Saved entries:
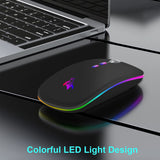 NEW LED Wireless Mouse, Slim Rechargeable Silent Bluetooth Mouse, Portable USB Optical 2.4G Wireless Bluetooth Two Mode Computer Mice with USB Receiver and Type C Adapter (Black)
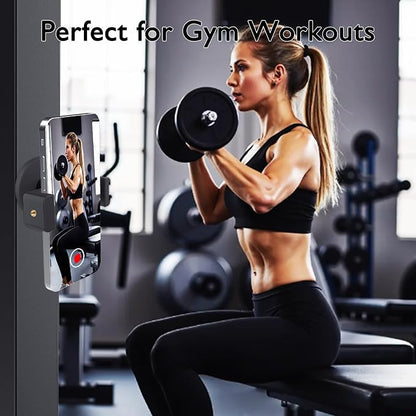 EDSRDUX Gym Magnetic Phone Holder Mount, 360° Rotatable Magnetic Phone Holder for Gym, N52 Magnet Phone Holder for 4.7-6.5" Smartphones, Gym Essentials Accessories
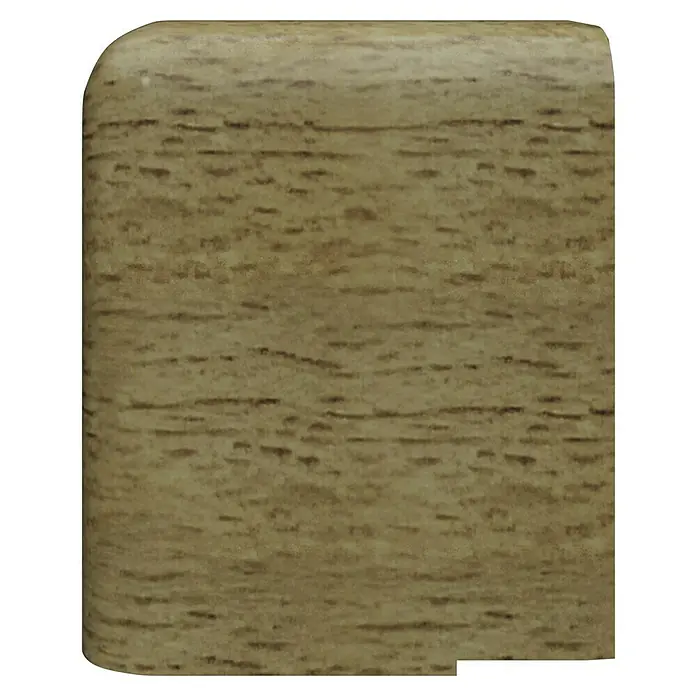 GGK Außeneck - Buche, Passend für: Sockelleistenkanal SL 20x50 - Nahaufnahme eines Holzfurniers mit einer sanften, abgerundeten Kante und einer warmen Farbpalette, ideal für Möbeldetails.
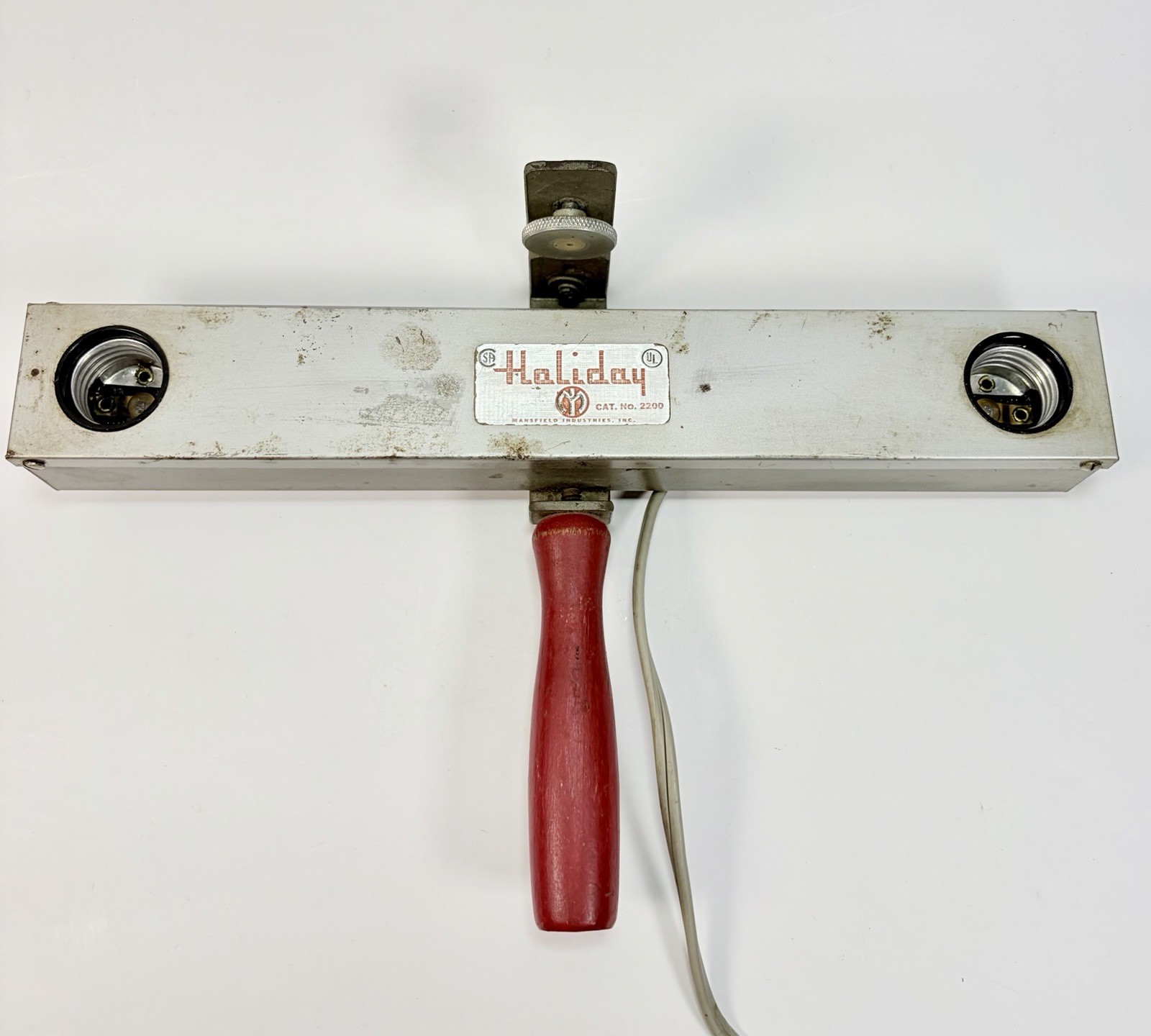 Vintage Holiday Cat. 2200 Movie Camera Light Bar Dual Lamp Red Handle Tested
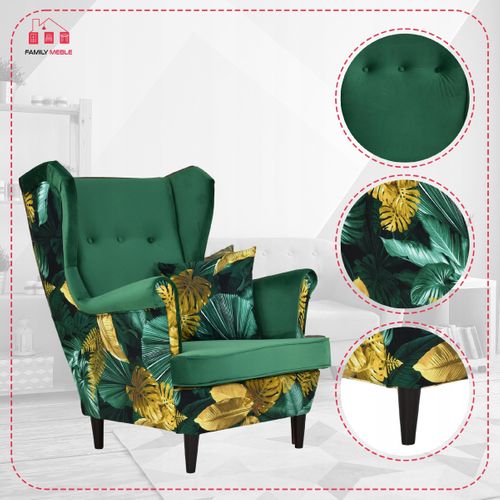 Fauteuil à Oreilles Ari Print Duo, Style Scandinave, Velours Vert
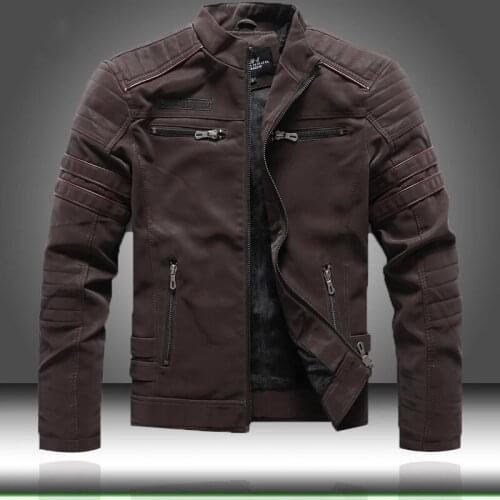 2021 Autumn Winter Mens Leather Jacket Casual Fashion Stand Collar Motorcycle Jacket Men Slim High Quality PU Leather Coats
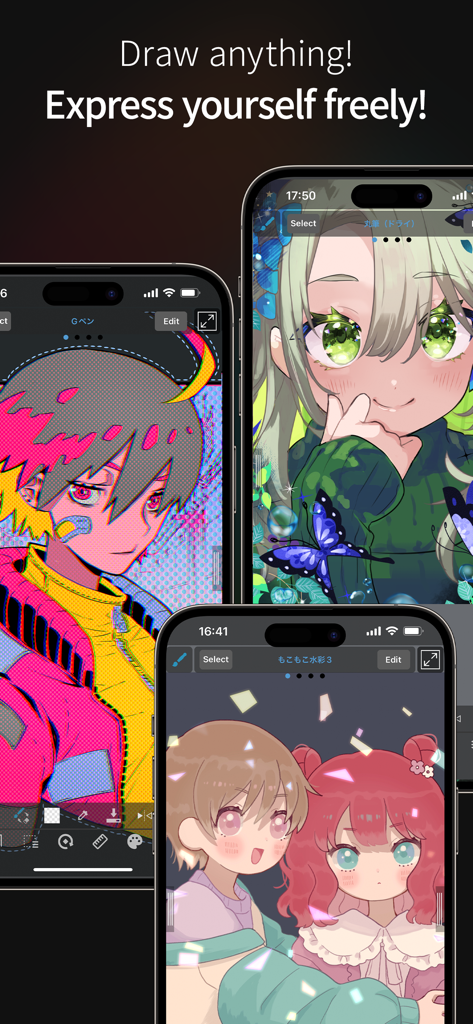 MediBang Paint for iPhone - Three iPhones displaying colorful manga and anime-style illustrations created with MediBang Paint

Task item:
Reproduce every entry above exactly, and omit the pictures.

Response box:
 NEW LED Wireless Mouse, Slim Rechargeable Silent Bluetooth Mouse, Portable USB Optical 2.4G Wireless Bluetooth Two Mode Computer Mice with USB Receiver and Type C Adapter (Black)
 EDSRDUX Gym Magnetic Phone Holder Mount, 360° Rotatable Magnetic Phone Holder for Gym, N52 Magnet Phone Holder for 4.7-6.5" Smartphones, Gym Essentials Accessories
 GGK Außeneck - Buche, Passend für: Sockelleistenkanal SL 20x50 - Nahaufnahme eines Holzfurniers mit einer sanften, abgerundeten Kante und einer warmen Farbpalette, ideal für Möbeldetails.
 Vintage Holiday Cat. 2200 Movie Camera Light Bar Dual Lamp Red Handle Tested
 Fauteuil à Oreilles Ari Print Duo, Style Scandinave, Velours Vert
 2021 Autumn Winter Mens Leather Jacket Casual Fashion Stand Collar Motorcycle Jacket Men Slim High Quality PU Leather Coats
 MediBang Paint for iPhone - Three iPhones displaying colorful manga and anime-style illustrations created with MediBang Paint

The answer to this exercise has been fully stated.